What is needed — Transcribe the data below verbatim from the line with "Johnson's Baby Shampoo" to the line with "Soul Color - Paint By Number screenshot-4". Include both of those lines.

Records for the exercise —
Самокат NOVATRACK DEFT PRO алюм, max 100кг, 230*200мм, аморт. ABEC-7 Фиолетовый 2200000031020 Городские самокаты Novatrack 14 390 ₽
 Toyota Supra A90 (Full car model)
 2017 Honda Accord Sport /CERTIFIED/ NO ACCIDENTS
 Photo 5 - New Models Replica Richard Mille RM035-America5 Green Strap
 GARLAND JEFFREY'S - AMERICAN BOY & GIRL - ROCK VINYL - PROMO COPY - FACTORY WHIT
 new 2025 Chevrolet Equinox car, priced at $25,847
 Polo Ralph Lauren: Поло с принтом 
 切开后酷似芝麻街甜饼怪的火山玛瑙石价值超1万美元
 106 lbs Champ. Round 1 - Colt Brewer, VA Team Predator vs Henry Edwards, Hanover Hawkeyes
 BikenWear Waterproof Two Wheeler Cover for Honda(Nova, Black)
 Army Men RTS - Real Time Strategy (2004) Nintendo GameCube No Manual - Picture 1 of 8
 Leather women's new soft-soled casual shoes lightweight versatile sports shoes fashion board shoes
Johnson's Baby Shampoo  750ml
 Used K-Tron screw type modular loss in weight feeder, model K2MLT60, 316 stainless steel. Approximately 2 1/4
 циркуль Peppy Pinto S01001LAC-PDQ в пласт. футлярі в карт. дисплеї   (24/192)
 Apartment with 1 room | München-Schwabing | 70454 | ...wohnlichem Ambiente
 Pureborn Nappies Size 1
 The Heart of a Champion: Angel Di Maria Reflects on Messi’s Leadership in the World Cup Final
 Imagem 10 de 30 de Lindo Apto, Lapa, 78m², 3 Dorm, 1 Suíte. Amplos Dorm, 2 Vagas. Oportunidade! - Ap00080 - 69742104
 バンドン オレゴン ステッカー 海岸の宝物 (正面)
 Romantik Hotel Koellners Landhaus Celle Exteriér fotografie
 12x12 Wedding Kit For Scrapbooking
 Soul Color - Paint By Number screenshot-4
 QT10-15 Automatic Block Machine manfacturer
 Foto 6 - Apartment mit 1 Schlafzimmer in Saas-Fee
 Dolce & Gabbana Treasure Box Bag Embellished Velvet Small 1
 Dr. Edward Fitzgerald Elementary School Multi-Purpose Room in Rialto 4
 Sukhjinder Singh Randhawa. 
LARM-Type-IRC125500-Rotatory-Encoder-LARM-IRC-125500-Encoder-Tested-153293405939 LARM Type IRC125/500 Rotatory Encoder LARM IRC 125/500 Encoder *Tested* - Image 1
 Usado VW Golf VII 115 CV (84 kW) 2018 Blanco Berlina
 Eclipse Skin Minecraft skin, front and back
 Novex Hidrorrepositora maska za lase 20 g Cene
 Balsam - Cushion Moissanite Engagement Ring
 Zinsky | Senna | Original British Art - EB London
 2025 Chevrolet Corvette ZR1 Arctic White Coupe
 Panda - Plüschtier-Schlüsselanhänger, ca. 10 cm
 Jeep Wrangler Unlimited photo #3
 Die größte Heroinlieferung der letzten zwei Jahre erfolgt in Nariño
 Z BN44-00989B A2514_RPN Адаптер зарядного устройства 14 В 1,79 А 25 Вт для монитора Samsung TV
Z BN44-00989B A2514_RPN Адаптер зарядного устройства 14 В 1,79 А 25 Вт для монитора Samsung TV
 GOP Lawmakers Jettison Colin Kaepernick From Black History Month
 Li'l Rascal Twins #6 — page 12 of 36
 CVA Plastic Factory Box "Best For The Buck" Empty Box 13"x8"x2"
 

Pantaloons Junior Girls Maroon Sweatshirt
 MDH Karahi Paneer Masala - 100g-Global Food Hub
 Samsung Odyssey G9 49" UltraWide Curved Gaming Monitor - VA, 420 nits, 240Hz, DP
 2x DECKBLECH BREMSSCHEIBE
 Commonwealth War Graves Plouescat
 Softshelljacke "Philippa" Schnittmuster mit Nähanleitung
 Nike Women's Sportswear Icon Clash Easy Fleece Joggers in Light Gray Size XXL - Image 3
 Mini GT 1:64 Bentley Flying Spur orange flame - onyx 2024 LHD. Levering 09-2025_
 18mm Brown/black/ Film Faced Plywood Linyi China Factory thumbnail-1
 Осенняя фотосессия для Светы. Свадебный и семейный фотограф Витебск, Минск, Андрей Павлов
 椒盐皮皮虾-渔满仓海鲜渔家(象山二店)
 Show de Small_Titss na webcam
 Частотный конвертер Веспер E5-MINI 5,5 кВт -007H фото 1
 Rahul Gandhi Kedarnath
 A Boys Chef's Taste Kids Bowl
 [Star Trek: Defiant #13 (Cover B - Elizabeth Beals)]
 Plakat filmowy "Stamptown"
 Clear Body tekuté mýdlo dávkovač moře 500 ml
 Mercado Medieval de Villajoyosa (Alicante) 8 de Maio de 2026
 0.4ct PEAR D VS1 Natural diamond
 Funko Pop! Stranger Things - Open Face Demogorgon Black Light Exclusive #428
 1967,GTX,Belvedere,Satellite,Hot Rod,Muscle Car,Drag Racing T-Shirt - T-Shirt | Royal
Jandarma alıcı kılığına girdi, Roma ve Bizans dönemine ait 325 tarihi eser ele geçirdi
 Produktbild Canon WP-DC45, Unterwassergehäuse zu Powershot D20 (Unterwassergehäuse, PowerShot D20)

Solved exercise —
Johnson's Baby Shampoo  750ml
 Used K-Tron screw type modular loss in weight feeder, model K2MLT60, 316 stainless steel. Approximately 2 1/4
 циркуль Peppy Pinto S01001LAC-PDQ в пласт. футлярі в карт. дисплеї   (24/192)
 Apartment with 1 room | München-Schwabing | 70454 | ...wohnlichem Ambiente
 Pureborn Nappies Size 1
 The Heart of a Champion: Angel Di Maria Reflects on Messi’s Leadership in the World Cup Final
 Imagem 10 de 30 de Lindo Apto, Lapa, 78m², 3 Dorm, 1 Suíte. Amplos Dorm, 2 Vagas. Oportunidade! - Ap00080 - 69742104
 バンドン オレゴン ステッカー 海岸の宝物 (正面)
 Romantik Hotel Koellners Landhaus Celle Exteriér fotografie
 12x12 Wedding Kit For Scrapbooking
 Soul Color - Paint By Number screenshot-4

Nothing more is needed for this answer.